Whichever way you lean, right now, it seems that just about everyone is
talking about Service Oriented Architecture (SOA). More and more organizations
are looking to Web services and SOA to better align IT and business, and at the
same time help them to address multiple, complex challenges-ranging from
increased scrutiny of IT investment with an emphasis on cost containment; a
shift away from automation in the back office to collaboration with customers,
partners, and suppliers in the front office; to tackling the proliferation of
standards-based commodity platforms.

Advertisment

Whatever the challenge, SOA organizes the discrete functions contained in
enterprise applications into interoperable, standards-based 'services' that
can be combined and reused quickly to meet business needs. By organizing
enterprise IT around services instead of applications, SOA helps companies
improve productivity, enable faster time to service and increase agility to
respond to changing business conditions.

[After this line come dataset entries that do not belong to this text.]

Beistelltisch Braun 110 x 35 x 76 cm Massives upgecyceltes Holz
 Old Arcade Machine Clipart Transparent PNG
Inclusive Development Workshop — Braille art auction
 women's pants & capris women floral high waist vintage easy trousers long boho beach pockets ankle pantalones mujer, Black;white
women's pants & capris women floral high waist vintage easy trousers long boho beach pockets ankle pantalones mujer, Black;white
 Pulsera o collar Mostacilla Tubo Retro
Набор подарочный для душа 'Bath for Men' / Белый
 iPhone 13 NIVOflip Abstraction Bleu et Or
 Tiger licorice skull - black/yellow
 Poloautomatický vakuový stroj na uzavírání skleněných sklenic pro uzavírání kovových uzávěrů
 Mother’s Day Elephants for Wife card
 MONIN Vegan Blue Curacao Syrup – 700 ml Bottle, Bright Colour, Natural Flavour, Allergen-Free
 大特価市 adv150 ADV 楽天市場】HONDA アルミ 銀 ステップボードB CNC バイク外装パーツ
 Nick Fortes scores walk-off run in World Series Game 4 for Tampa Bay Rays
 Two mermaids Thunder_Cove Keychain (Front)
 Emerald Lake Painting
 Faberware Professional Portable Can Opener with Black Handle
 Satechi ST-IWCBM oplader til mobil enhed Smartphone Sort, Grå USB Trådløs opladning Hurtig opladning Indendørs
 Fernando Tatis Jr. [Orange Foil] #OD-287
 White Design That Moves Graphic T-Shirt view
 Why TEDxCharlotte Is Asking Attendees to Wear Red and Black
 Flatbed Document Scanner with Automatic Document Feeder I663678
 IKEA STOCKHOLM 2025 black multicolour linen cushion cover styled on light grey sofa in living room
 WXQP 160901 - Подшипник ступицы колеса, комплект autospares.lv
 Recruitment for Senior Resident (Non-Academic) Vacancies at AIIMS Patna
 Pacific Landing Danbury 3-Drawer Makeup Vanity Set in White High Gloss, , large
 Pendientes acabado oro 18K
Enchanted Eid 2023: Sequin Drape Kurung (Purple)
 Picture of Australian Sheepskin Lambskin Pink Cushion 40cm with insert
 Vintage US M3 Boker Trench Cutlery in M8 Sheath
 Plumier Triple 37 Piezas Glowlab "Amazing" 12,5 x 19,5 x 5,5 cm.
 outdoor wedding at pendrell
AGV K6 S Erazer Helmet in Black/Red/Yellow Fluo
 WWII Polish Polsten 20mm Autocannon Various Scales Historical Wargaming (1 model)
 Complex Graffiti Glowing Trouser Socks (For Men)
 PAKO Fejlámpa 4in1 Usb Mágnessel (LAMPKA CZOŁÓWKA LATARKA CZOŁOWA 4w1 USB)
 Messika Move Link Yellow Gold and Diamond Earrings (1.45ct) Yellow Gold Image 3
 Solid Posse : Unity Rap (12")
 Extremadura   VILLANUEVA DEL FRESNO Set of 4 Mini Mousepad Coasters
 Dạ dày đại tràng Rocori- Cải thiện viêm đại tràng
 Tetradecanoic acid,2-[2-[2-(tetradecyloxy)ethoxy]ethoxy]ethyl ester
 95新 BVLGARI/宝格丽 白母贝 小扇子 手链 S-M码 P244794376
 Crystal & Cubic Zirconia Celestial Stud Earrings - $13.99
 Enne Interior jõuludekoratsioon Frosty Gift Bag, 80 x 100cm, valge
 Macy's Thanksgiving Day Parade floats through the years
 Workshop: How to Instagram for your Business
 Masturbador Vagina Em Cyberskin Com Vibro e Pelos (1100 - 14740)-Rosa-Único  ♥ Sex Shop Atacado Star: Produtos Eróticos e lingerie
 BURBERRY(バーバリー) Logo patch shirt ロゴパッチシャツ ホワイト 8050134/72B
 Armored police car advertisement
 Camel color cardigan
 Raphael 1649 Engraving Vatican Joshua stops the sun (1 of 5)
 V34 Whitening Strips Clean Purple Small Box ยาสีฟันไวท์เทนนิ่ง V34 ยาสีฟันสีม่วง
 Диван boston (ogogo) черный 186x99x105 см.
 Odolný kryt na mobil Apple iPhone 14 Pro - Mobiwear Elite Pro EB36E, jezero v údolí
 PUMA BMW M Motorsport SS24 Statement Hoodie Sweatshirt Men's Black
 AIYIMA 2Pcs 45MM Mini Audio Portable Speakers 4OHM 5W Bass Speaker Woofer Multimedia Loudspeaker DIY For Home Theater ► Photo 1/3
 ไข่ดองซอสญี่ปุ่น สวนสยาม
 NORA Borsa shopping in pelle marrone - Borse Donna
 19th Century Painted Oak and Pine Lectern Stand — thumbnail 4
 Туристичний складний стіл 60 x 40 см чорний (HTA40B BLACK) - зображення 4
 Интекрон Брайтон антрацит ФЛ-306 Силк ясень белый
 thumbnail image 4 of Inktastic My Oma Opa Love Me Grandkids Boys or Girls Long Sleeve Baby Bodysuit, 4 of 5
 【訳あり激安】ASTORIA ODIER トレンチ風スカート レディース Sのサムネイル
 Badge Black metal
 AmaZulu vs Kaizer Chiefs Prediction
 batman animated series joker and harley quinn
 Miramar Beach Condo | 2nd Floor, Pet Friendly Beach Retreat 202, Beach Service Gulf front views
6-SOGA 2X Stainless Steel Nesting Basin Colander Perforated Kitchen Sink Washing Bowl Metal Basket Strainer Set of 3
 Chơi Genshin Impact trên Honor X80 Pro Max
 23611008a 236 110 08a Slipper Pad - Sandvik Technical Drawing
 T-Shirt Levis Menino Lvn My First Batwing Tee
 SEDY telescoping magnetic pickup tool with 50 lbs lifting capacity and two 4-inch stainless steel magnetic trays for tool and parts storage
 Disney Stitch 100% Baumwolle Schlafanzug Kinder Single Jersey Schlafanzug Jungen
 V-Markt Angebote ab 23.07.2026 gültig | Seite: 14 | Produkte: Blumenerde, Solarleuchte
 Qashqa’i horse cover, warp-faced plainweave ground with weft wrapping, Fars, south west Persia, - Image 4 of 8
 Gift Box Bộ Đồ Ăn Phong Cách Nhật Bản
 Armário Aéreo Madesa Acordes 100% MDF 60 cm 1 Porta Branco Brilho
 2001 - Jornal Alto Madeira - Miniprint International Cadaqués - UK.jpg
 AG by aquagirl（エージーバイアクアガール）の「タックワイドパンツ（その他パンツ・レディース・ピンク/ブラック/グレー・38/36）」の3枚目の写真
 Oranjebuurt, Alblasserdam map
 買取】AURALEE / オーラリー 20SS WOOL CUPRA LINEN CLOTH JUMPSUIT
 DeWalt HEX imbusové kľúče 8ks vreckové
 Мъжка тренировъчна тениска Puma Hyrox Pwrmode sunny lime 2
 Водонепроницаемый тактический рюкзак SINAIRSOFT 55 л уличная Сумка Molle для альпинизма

And it's happening now. According to
Forrester, 77% of large enterprises, 51% of medium enterprises, and 46% of small
enterprises are actively implementing SOA.

In adopting a SOA strategy, IT is not going to 'rip and replace' its
existing infrastructure due to cost and complexity. Instead, it will try to
extend existing business applications by exposing them as services so they can
be used in other business processes and applications. As a result, core to the
success of SOA is having an integration layer that supports dynamic interactions
across services in a heterogeneous environment. The integration layer must
accommodate the one constant in IT-change. It must support the continual
evolution of existing services and the rapid addition of new services as the
business grows to address new customers, partners and business imperatives,
while insulating the service consumers from changes at the service endpoints.
The service layer must be designed to eliminate the need to manage interactions
between services from the service endpoints themselves. That way, services can
evolve without causing breaking points inherent in point-to-point
implementations. Today, this integration layer is referred to as the Enterprise
Service Bus (ESB).

ESBs deliver the key capabilities that enable services to interact
dynamically: a service registry for publishing services, service versioning, and
message brokering, dynamic routing and transformation between services. ESBs are
expected to support message and transport security as well. They typically act
as distributed intermediaries, enabling the policies associated with routing
rules, transformations, security and access to be abstracted from the endpoints.
And, just like SOA, ESBs are a reality. Forrester estimates that about a third
of the US infrastructure decision-makers plan to increase the scope of ESB
deployment in the next 12 months.

Advertisment

ESB Versus the Rest

So how does an ESB compare with other infrastructure integration layers? Web
services, firstly, add a layer of abstraction, using open standards to provide
access to applications in a way that is easy to understand and use. However, Web
services alone are insufficient for general integration projects. Web services
standards lack specifications for management of reliability and security. They
also do not provide the general-purpose mediation and process management
required to bridge the gaps between the needs of Web service consumers and the
capabilities of Web service producers.

Application Platform Suites (APS) suffer similar drawbacks. These are
difficult to deploy or re-configure across various servers in a distributed
network. An APS provides visibility and management for business processes
running in a single server or a cluster of like servers. It cannot though
provide a unified view or manage processes running across heterogeneous servers,
or servers in a distributed environment. As a result, environments such as .NET
and the EJB container in J2EE are poorly suited to the task of managing
significant numbers of dynamically configured services in an enterprise SOA.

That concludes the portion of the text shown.